M&A島津製作所は10日、チェコの電子顕微鏡メーカー、テスキャン・グループの持株会社グラス・ホールドコの全株式を取得し、テスキャンを完全子会社化したと発表した。取得額は7億1100万ドルで、分析計測分野のトータルソリューション強化を図る。

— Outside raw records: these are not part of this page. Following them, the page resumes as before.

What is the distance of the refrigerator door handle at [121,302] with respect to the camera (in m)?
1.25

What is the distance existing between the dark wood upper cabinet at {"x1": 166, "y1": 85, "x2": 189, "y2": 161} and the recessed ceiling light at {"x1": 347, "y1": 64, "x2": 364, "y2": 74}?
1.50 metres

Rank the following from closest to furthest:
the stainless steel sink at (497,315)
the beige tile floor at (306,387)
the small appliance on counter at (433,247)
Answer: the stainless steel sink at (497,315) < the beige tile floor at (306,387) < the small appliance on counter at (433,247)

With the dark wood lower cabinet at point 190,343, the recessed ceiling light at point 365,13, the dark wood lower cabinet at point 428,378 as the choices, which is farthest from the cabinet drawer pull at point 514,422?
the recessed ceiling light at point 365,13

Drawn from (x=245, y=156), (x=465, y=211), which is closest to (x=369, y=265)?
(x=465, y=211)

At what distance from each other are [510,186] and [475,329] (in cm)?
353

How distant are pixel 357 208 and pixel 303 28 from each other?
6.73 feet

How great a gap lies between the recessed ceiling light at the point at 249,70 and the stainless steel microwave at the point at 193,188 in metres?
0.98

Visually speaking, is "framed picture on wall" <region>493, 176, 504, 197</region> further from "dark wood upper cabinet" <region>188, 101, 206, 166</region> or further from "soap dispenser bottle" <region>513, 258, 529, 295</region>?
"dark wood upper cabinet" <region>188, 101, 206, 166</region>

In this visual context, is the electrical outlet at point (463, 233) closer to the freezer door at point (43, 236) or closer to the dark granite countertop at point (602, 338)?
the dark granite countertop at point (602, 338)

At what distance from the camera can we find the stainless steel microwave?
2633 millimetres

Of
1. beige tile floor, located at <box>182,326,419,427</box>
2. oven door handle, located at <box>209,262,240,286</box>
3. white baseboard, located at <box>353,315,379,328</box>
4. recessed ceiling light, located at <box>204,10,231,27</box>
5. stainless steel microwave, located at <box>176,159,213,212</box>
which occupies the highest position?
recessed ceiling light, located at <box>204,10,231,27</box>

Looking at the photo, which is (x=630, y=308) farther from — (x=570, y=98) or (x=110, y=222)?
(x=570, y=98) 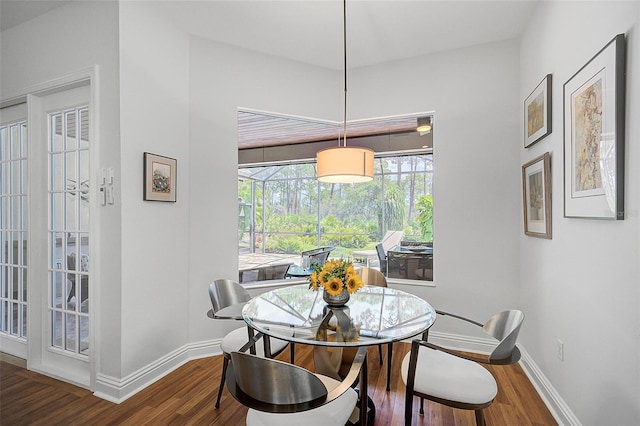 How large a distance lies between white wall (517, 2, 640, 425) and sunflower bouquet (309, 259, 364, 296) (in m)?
1.27

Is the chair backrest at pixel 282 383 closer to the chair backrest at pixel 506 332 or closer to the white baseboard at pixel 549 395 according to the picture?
the chair backrest at pixel 506 332

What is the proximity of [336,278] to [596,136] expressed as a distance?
159 centimetres

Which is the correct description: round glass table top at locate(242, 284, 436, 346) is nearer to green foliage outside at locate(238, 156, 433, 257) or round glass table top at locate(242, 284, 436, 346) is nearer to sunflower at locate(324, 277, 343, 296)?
sunflower at locate(324, 277, 343, 296)

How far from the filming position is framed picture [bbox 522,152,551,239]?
2.17 metres

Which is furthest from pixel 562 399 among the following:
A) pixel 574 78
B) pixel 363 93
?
pixel 363 93

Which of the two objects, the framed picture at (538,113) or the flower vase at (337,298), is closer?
the flower vase at (337,298)

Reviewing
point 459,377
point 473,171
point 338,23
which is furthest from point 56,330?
point 473,171

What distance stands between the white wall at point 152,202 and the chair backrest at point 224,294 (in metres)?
0.55

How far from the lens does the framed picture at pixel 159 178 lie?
Answer: 2.39 metres

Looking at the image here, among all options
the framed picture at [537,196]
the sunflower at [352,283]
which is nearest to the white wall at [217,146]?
the sunflower at [352,283]

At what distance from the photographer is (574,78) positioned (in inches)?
69.8

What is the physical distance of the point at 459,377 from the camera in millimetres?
1598

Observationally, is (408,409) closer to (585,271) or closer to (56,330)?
(585,271)

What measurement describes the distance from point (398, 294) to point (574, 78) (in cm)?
179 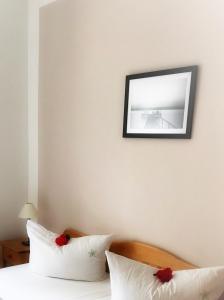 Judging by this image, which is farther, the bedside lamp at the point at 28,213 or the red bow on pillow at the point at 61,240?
the bedside lamp at the point at 28,213

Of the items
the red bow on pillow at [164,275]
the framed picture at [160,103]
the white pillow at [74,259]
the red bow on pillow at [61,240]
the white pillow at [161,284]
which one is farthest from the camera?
the red bow on pillow at [61,240]

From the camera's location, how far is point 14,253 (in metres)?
2.53

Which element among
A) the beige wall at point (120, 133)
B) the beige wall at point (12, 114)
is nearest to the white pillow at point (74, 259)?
the beige wall at point (120, 133)

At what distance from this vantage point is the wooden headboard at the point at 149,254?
1.69 meters

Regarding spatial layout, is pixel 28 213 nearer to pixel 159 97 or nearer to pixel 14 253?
pixel 14 253

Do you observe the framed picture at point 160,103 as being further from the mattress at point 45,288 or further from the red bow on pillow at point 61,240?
the mattress at point 45,288

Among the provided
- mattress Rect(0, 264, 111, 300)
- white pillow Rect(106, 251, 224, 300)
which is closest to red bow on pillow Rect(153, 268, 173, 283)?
white pillow Rect(106, 251, 224, 300)

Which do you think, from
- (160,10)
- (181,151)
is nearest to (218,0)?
(160,10)

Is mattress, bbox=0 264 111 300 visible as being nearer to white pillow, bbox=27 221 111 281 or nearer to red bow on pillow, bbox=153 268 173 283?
white pillow, bbox=27 221 111 281

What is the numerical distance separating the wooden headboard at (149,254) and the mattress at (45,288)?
0.24 meters

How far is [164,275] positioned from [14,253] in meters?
1.53

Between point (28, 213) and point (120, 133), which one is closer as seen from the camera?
point (120, 133)

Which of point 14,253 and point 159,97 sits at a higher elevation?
→ point 159,97

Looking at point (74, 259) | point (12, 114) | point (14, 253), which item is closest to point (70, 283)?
point (74, 259) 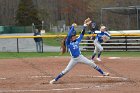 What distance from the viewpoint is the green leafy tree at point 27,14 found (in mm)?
84688

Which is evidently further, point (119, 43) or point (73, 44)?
point (119, 43)

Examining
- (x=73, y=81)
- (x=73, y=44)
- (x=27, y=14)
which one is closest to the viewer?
(x=73, y=44)

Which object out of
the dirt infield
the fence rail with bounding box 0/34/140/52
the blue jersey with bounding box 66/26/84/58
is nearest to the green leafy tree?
the fence rail with bounding box 0/34/140/52

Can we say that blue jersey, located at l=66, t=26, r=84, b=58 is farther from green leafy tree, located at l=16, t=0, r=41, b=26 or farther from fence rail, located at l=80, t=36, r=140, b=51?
green leafy tree, located at l=16, t=0, r=41, b=26

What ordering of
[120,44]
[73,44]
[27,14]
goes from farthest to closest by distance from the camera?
[27,14] → [120,44] → [73,44]

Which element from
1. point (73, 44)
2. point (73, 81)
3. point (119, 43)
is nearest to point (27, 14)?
point (119, 43)

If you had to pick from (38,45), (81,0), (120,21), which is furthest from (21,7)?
(38,45)

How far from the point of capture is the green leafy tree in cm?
8469

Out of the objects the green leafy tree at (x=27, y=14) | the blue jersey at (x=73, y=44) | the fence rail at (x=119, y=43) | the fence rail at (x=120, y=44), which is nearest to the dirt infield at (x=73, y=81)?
the blue jersey at (x=73, y=44)

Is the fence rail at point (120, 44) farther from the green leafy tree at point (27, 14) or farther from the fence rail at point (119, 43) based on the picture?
the green leafy tree at point (27, 14)

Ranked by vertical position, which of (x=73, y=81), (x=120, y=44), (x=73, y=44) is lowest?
(x=120, y=44)

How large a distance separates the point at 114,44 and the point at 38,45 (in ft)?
19.8

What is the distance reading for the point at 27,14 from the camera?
3329 inches

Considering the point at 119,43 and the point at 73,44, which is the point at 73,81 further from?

テスキャンは1991年設立で、走査型電子顕微鏡(SEM)や集束イオンビーム走査電子顕微鏡(FIB-SEM)、透過型電子顕微鏡(TEM)、X線マイクロCT、レーザー加工システムなどを手掛ける。半導体やライフサイエンス、マテリアル分野を中心に世界80カ国で累計4000台以上の販売実績を持つ。
島津製作所は、中期経営計画で分析計測機器を組み合わせたトータルソリューションの提供を進めており、今回の買収によりクロマトグラフや質量分析計、試験機で得られる成分分析や物性データと、電子顕微鏡による表面観察データを組み合わせた提案を強化する。
また島津製作所が強みを持つアジア市場でテスキャン製品の販売拡大を進める一方、テスキャンの販売網を活用して欧米で島津製品の拡販を目指す。半導体製造や先端材料開発などで、分析から観察まで一貫して提供できる体制を構築する考えだ。
連結決算への反映は、連結貸借対照表が2027年3月期第2四半期から、連結損益計算書が同第3四半期からを予定している。また、7月10日付でテスキャン、グラス・ホールドコの役員体制を変更し、島津製作所から3人を新たに取締役に選任した。